January 13, 2012

SOPA is Just Bad Business

There’s been a lot of talk about sopa and it’s sister bill pipa lately. Both bills are designed to combat online privacy, effectively by giving the Recording Industry Association of America (RIAA) and Motion Picture Association of America (MPAA) and others a big broad sword with which to swing at ‘copyright pirates’. In reality, the bills will do little to stop real pirates and can do more harm to you and me.

Supporters of the bills argue that they will just target large sites, and not about censorship or going after small, personal websites that are using copyrighted material under the fair use act. But the companies that make up RIAA and MPAA haven’t shown much integrity on that front, nor have they particularly acted rationally. Let’s not forget the sony rootkit scandal where Sony was so concerned over their own profits that they stealthy installed a rogue program on all their customers’ personal computers – without said customers’ permission. The program (called a rootkit) monitored what each customer was doing on his or her own computer, and beaconed the information back to Sony so Sony could attempt to identify possible copyright theft. Not only was it an invasion of privacy, the rootkit had vulnerabilities that allowed hackers to gain access and control the customers’ computers. Sony put their customers’ privacy and personal data at risk with an ‘everyone is guilty until proven innocent’ mentality.

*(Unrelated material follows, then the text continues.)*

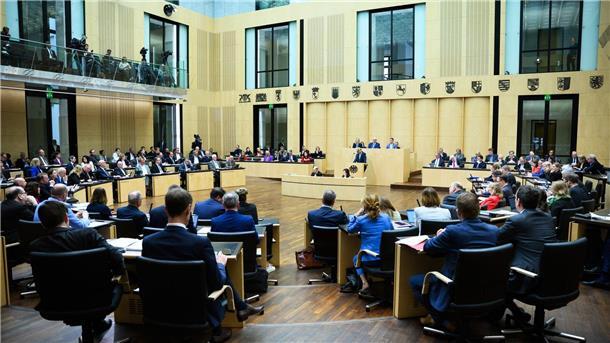 Kommunale Altschulden, Abschuss von Wölfen, K.-o.-Tropfen - damit beschäftigt sich die Länderkammer.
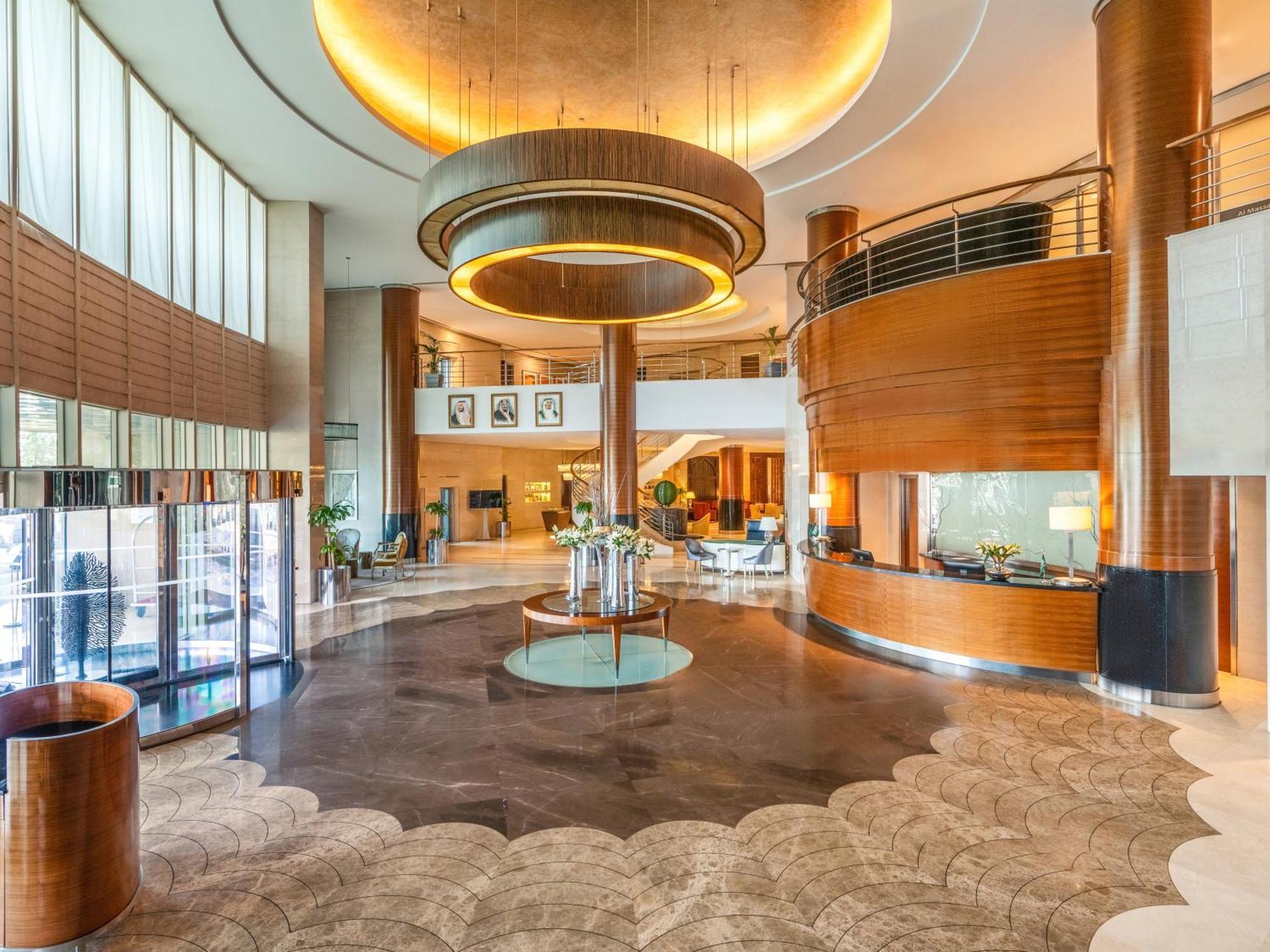 Moevenpick Hotel Al Khobar Exterior foto Lobby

But there’s one area of SOPA that’s bad and I’m surprised no one is talking about it. SOPA reflects an old marketing thinking of ‘control your brand at all costs’, taking a draconian approach to even the most mild of infringes. The problem with this approach is it’s counterproductive online. In truth, the power of the internet is viral marketing, where a message is allowed to spread like wild fire, at little or no cost. By allowing fans to create fan fiction, or homage videos, you’re gaining free marketing that not only drums up fan interests, but helps companies reach a larger audience. The fact that these are fans and third parties, thus not affiliated with a company, spreading the companies allows corporations to easily distance themselves from any representation they think is unflattering to the brand while simultaneously profiting from positive buzz.

In fact, companies being heavy handed with fans over derivative works has caused numerous fan backlashes, such as the Mad Men case where AMC went after fake twitter accounts designed in homage to fan’s favorite characters. In contrast, 2 consumers created a fan page on facebook for coca cola, which became the second most popular fan page, a technical violation of the facebook terms of service which says only the company can create a fan page. Coca-Cola instead thanked the consumers for their hard work and devotion. Under the new bill trademark infringements, not only could twitter and facebook face being taken down, but there could be possible jail time for the fans responsible in these homage works. Whether you’re paying homage to a Coca-Cola or an AMC is the luck of the draw.

The problem is the RIAA and MPAA in particular have no strategy for the online world, and have been resisting change. They assume down sales are due to pirates and not a changing market or changing consumer desire. They fight with netflix and resisted Apple’s micro-payment model as long as possible. Yes, piracy is bad and should be stopped, but until the attitude that any-paying-customer-is-a-potential-copyright-thief-or-trade-mark-infringer changes, I can’t get behind stronger copyright bills that give them unlimited power with no form of recourse to decide what is and is not a copyright violation. We’ve come along way in the past thirty years. There are many new forms of entertainment out there: smart phones, personal computers, e-readers, etc. The world is moving away from the days of vast CD and DVD collections, in favor of digital media and streaming. It’s time for the RIAA and MPAA to adapt, not dig their heels in further. The world has changed, and those that are unwilling to bend often brake.